Hematopoietic stem cell transplantation (HSCT) is an effective strategy in children [8]. However, the source of hematopoietic stem cells (HSCs) may affect short and long-term complications. After HSCT, PTLD, especially EBV-positive PTLD may occur with current treatments. The clinical presentation is often nonspecific and tissue biopsy is necessary to establish the diagnosis. In this case, it had a B cell phenotype, the presence of EBER in lymphoid proliferation supported the diagnosis of PTLD. FISH showed negative expression of IgH/Bcl-2 and C-myc gene. Cases that appear blastoid or cases intermediate between DLBCL and BL, but which lack a MYC and BCL2 and/or BCL6 rearrangement, will be placed in the category of high-grade B-cell lymphoma, not otherwise specified (HGBL, NOS) .

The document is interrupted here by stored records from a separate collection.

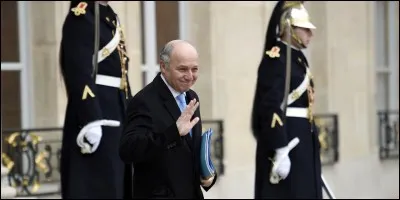 Quel est le nombre actuel des membres du Conseil constitutionnel ? 2019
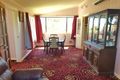Property photo of 20 Eulo Street Eulo QLD 4491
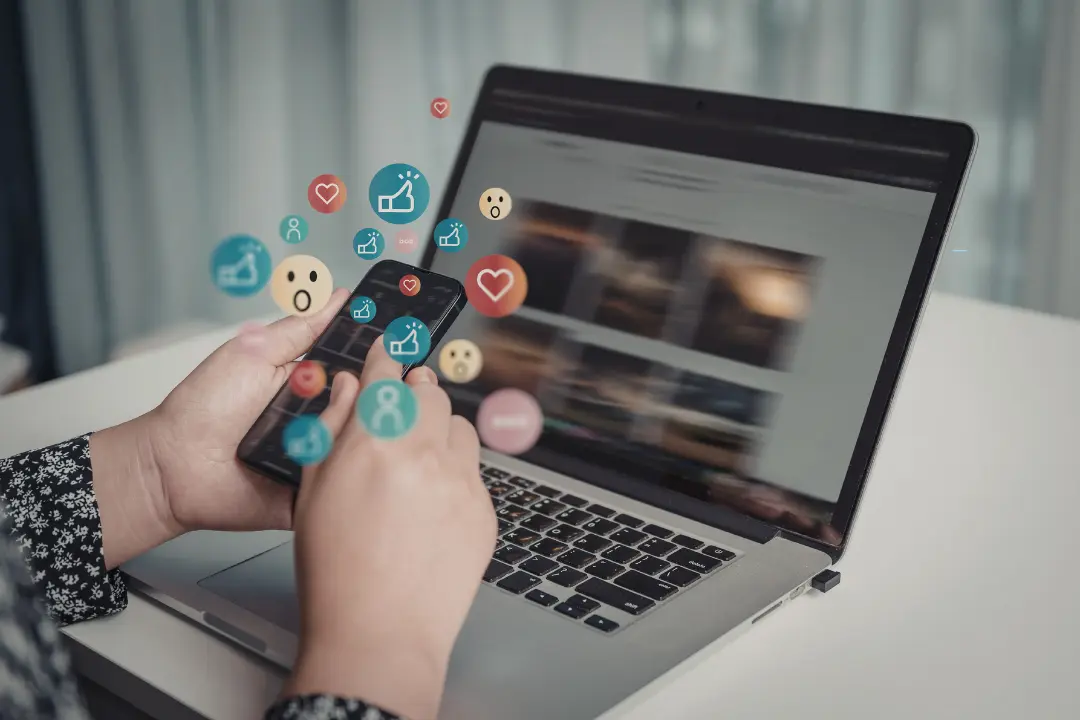 How to Get More Engagement on Social Media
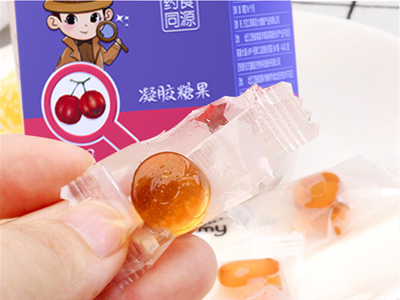 С��̽®ɽ��u�Ƚ�ɳ��ܛ�� ������ͯϲ�۵ľW�t����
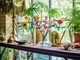 Конструктор LEGO Icons Botanicals Цвіт вишні 430 шт для дітей 8+ (40725) - зображення 6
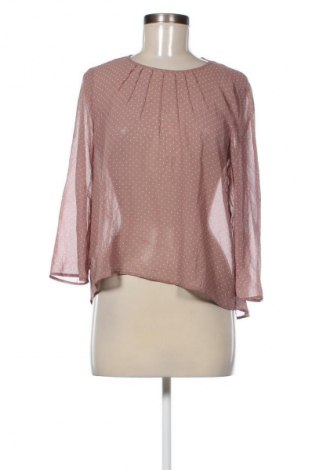 Damen Shirt United Colors Of Benetton, Größe S, Farbe Mehrfarbig, Preis € 23,99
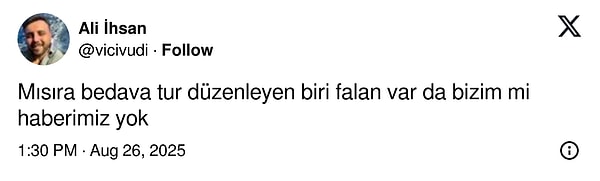 Herkesin aklında aynı soru.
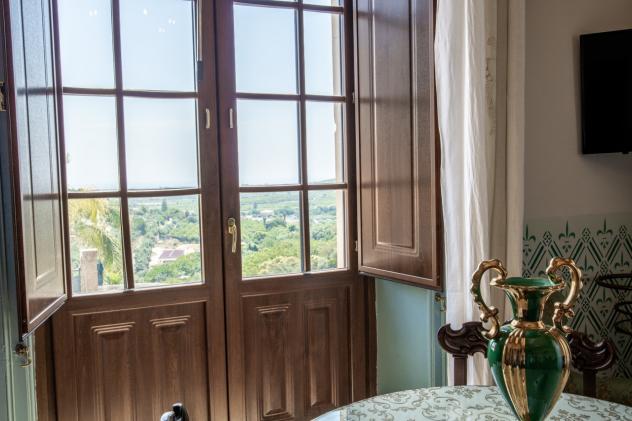 Villa in vendita a Noto - Foto 15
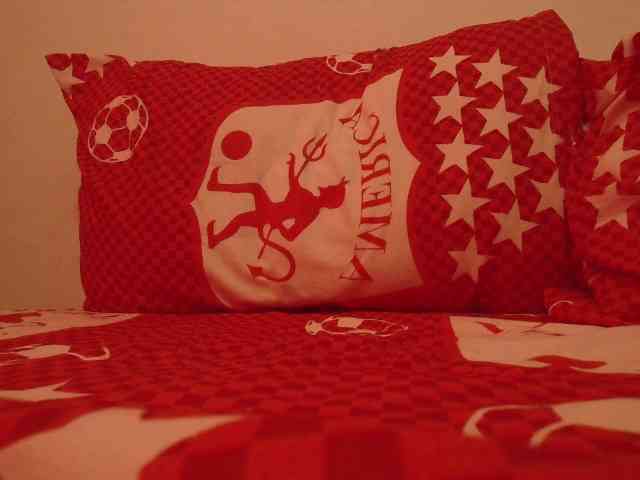 EmmaHerby1 webcam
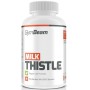 Gym Beam Milk Thistle, 90 Capsules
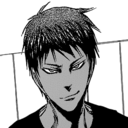 tatsuhisa-san avatar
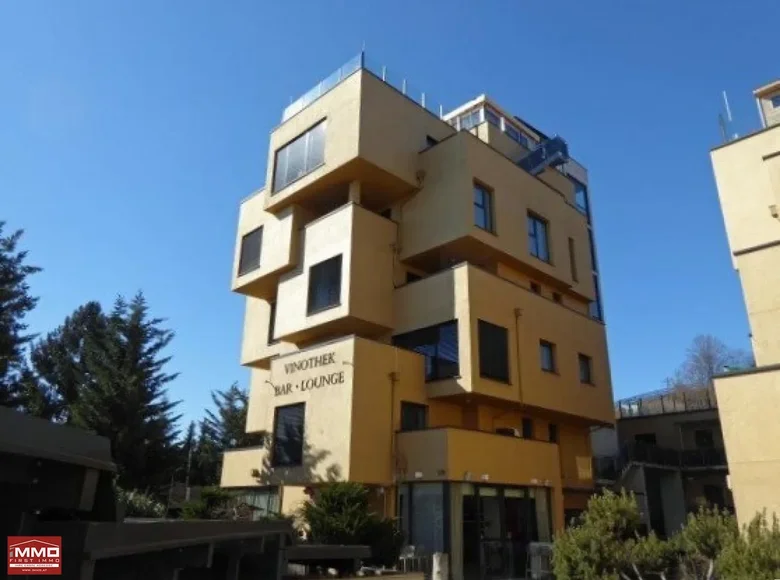 Дом  Seiersberg Pirka, Австрия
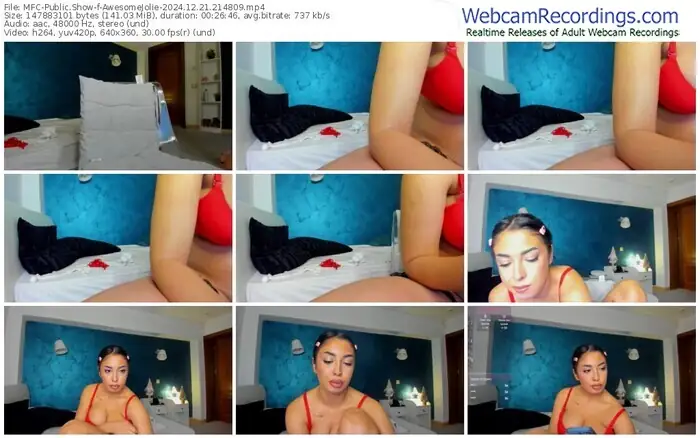 2024/12/21/mfc-awesomejolie-21-48-09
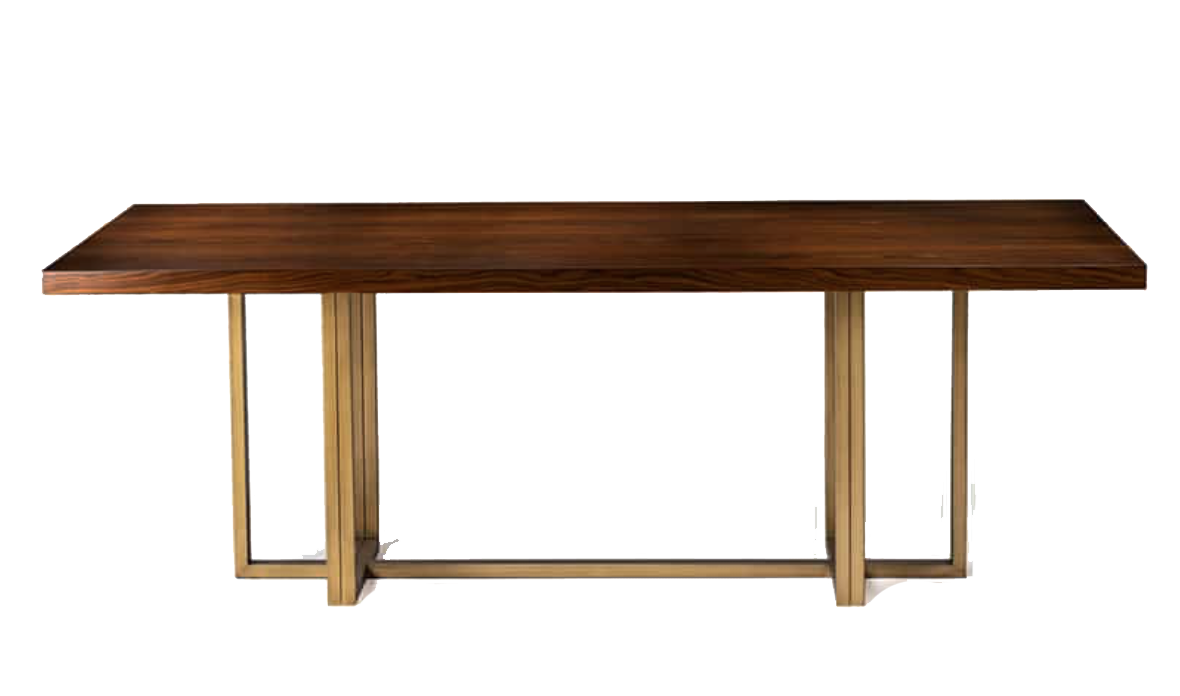 Incanto Dining Table 0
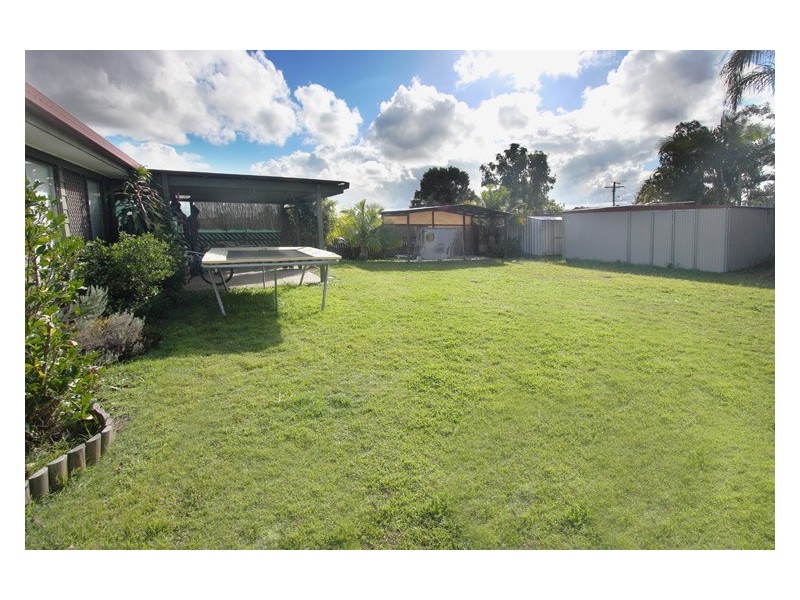 Browns Plains QLD 4118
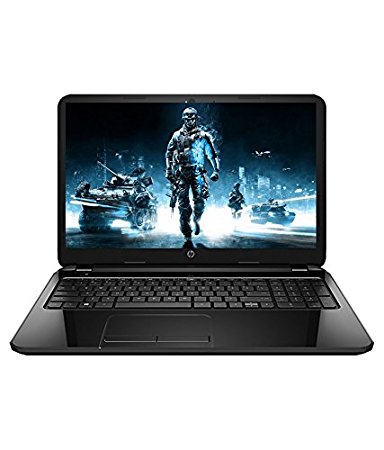 HP - 15.6" Touch-Screen Laptop (2017 Model) Intel Core i3 - 6GB Memory - 1TB Hard Drive Intel HD Graphics 520 1 USB 3.0 port HDMI SuperMulti DVD/CD burner Black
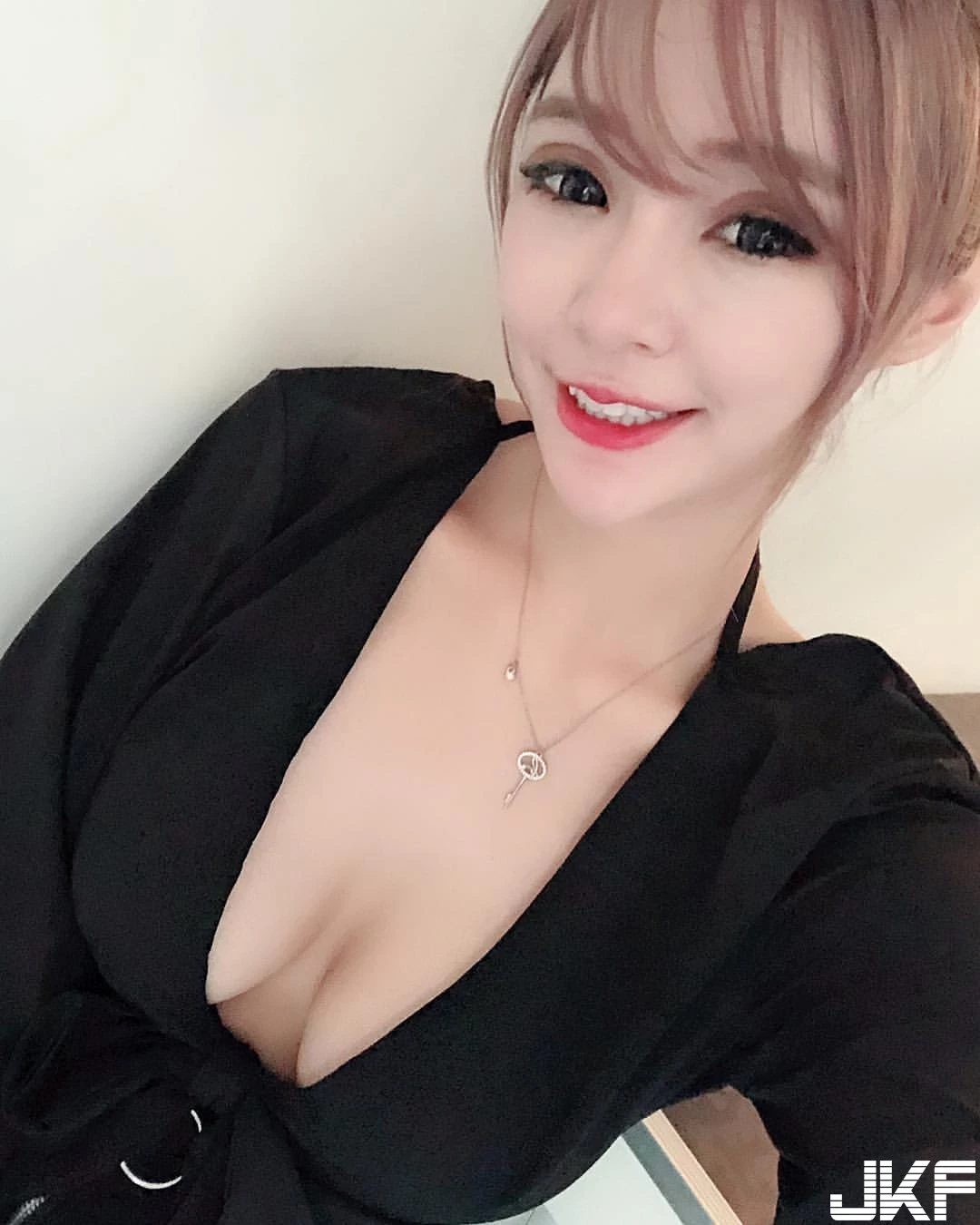 4771777.webp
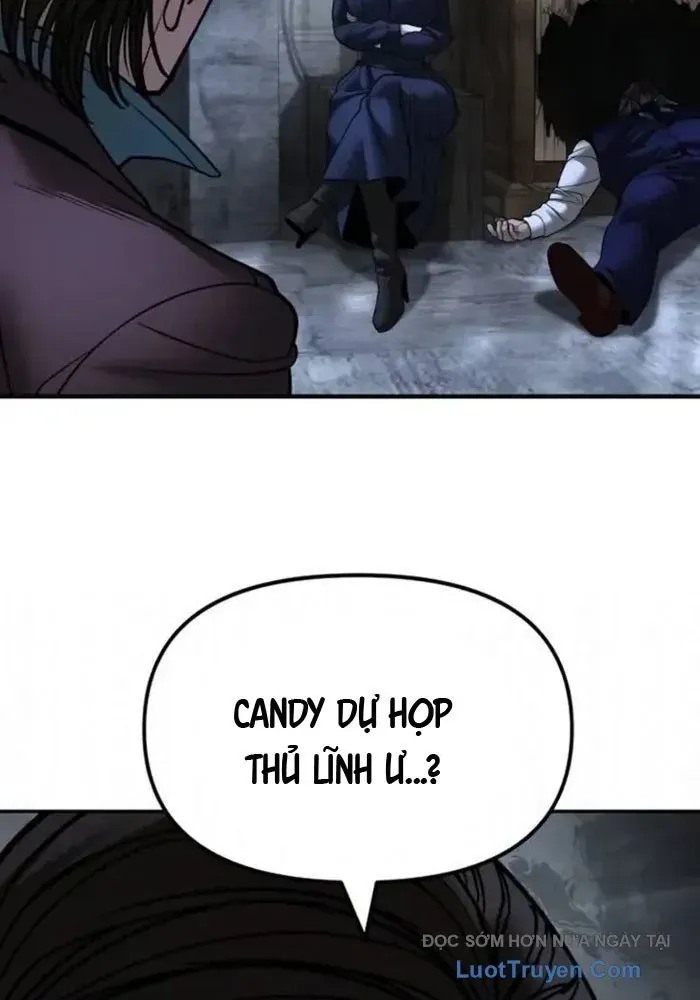 Chương 167 - trang 103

Because PTLD results from functional over-immunosuppression, the initial treatment is reduction of immunosuppression. At present there is no standardized approach to the evaluation and treatment of PTLD after transplantation. Effective treatment before multiple organ dysfunction is very important for the curative effect of PTLD. Antiviral agents, interferon, immuno-based monoclonal therapy, cell-based therapy and chemotherapy also have a potential role in treating this disorder [9] [10]. To prevent the occurrence of PTLD and early intervention are important for the prognosis of patients.

Conflicts of Interest

The authors declare no conflicts of interest regarding the publication of this paper.